Laure de Cock graduated from Ghent University as Master of Science in Geography and Geomatics in 2017. A few months later, she got granted an FWO scholarship and started working as a researcher at the CartoGIS research group of the Department of Geography. This was the start of a four-year journey, during which she studied adaptive mobile indoor route guidance. You can read about her work in this blogpost . During her PhD Laure used smart technologies to analyze how people navigate indoors. She conducted an online survey, a field experiment and a VR experiment to find out how building configuration can be quantified by the space syntax theory, which route instruction types should be used at which decision points and how this affects the performance, cognitive map, cognitive load and perception of the users. Se developed prototypes and she used eye tracking and position tracking to build the bridge between indoor route guidance technologies in smart buildings on the one hand, and the users of those smart buildings on the other hand. By doing so, she showed us a glimpse of the navigation of the future. She successfully finished her PhD in October 2021 and won the geospatial award for best thesis on BeGeo.

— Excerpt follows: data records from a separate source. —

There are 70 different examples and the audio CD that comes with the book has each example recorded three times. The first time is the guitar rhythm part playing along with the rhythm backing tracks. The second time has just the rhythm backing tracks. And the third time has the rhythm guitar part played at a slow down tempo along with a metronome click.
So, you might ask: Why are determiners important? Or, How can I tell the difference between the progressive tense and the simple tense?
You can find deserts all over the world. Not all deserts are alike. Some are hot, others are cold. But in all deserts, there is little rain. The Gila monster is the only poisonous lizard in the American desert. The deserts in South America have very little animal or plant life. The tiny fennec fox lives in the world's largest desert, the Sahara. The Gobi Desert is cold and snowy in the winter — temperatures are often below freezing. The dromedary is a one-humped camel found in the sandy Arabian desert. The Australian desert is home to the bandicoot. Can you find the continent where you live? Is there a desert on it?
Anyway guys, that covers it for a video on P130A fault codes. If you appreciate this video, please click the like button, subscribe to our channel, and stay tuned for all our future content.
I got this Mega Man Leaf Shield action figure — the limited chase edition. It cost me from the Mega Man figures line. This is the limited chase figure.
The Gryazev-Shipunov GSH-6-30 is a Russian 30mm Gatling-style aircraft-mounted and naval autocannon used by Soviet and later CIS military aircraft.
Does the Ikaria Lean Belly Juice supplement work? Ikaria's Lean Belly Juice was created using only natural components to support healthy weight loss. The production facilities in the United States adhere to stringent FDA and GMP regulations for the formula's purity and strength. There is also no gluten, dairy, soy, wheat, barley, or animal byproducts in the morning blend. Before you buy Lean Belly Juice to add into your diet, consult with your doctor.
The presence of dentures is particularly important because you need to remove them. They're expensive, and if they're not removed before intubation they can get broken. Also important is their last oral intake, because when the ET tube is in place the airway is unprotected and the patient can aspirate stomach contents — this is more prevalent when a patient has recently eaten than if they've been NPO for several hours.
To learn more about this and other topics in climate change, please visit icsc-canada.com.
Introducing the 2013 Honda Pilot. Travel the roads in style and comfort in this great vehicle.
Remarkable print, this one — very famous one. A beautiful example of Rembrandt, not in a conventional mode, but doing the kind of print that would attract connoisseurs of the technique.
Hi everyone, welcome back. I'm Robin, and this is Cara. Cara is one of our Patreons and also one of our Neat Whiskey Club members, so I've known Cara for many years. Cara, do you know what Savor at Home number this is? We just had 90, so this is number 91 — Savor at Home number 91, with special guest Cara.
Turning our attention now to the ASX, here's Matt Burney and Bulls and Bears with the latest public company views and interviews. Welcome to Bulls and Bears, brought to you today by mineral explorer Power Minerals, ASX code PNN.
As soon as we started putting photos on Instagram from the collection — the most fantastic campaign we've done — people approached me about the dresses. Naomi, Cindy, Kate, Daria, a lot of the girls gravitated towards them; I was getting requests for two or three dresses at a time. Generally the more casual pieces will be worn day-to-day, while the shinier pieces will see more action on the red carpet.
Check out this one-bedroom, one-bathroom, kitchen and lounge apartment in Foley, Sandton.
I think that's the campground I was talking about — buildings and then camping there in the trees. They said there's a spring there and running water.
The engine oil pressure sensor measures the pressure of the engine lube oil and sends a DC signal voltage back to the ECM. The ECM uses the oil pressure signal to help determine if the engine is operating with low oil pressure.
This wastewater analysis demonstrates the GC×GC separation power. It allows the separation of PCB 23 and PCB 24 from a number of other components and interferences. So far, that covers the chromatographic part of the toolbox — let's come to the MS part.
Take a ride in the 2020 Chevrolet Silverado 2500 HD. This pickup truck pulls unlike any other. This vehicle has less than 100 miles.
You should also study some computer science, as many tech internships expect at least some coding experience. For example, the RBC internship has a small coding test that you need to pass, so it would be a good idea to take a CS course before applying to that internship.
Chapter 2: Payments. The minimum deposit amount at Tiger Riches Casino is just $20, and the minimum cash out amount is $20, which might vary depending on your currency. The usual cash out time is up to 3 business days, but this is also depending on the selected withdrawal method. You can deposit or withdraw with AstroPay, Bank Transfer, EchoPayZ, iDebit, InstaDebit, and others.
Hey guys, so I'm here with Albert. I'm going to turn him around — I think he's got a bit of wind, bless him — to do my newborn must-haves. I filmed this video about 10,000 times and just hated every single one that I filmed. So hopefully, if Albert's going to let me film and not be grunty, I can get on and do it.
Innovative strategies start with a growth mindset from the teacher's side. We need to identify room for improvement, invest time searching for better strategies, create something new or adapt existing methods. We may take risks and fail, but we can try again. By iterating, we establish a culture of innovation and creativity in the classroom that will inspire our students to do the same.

During the COVID-19 pandemic, the idea started to grow to do research on crowd management. Laure's proposal got granted by BOF and this is the project she is currently working on. In this research project she will enhance machine learning models with geodata to improve predictions of pedestrian counts, based on sensor data. As by now she is a usability expert, the users are not forgotten in this research project. Last summer, for example, she conducted a survey at 'de Gentse feesten' to gain insights in the crowdedness perceptin of the visitors. Besides a postdoctoral researcher, Laure is also a teaching assistant and teaches various courses, such as GIS and geodesy.